The stock pads don't handle heat well. After 3 20 minute sessions on Gigermann Raceway on open track night, I noticed my brakes really sucked (I couldn't activate the ABS in the rain!)
When I finally got around to checking it out, I found that the front pads had chunked, ie big pieces of pad material MISSING! The rears had also, but not as bad.
I now have NAPA (Raybestos Brute stop) ceramic pads in front and Applied Engineering semi-mets in back, (SS lines too) and the brakes are awesome. They actually get stronger as they heat up
air temp - ~35 degrees F
elevation - ~ 200' ??? (Dunno really)
elevation change - slightly uphill, maybe 10' up over the 1/2 mile
tires - Dunlop Sport SP5000s
weather - wet, but no standing water (snowed the previous day, not sure about that morning, but it mostly melted off)

I've got ~27k on the car, it might be time for new pads. :)
You could try stainless steel brake lines. Also IIRC they make a brace for the master brake cylinder that'll stop some of the fade/flex.

Or I could just be doing too many drugs.
You could try stainless steel brake lines
in his initial post he states that he has ss lines already, though they serve the purpose of increaseing brake feel and don't influnce fade at all, same with the brake cylinder bracket. his instance sounds like he was just asking too much from the stock system (or he already had some air in the fluid) and thus pads would probably be the best solution, though i have been quite happy with the stock system. of course, i don't try and stop from 115 either :)
Hmm. I thought stainless lines prevented some fade due to the rubber hoses heating up and stretching.
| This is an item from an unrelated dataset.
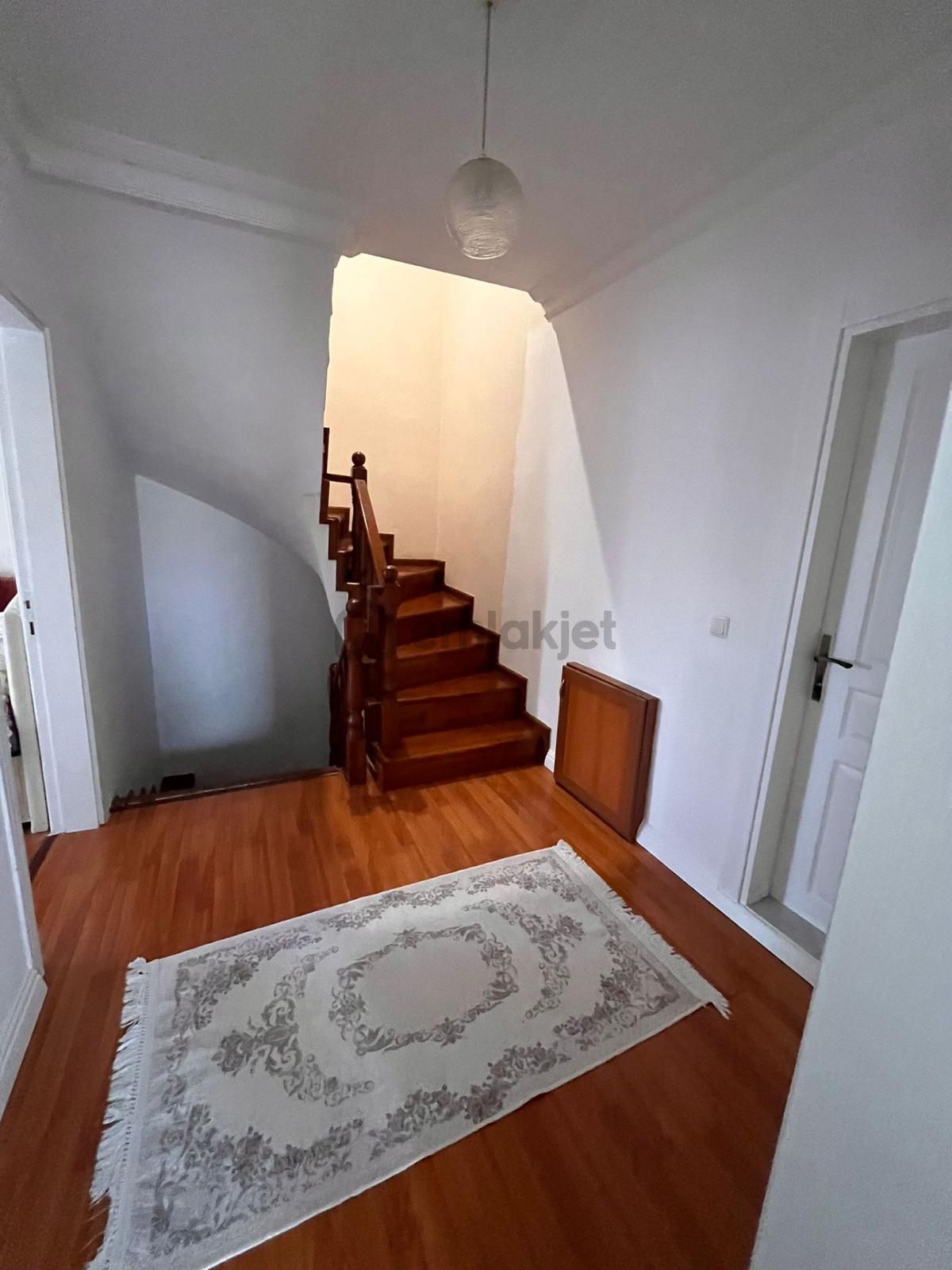 Sahibinden Sahibinden Serdivanın Merkezi 5+1 Satılık Triplex - 28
Either way... it's entirely possible that I need a new set of pads. :)
if they do its negligible. the main purpose of the SS lines is to deflect less when you pressurize the brake fluid then the stock rubber ones. this produces more resistance when you apply force to the pedal, since the SS lines move less, thus allowing the fluid to reach higher pressures sooner. thus it improves the "feel" of the brake pedal, but has no real effect on performance of the brake system. it can also decrease the risk of brake line failure from a rock or something along those lines. to reduce fade, you have to either increase heat tolerances of the brake components or increase the heat disappation rate. mods along these lines are cross-drilled/slotted rotors, larger rotors, higher performance pads, more calipers, ducting, higher performance brake fluid, etc. also, if you brake hard alot or if you ever fade the brakes, even just a little, make sure to bleed the fluid.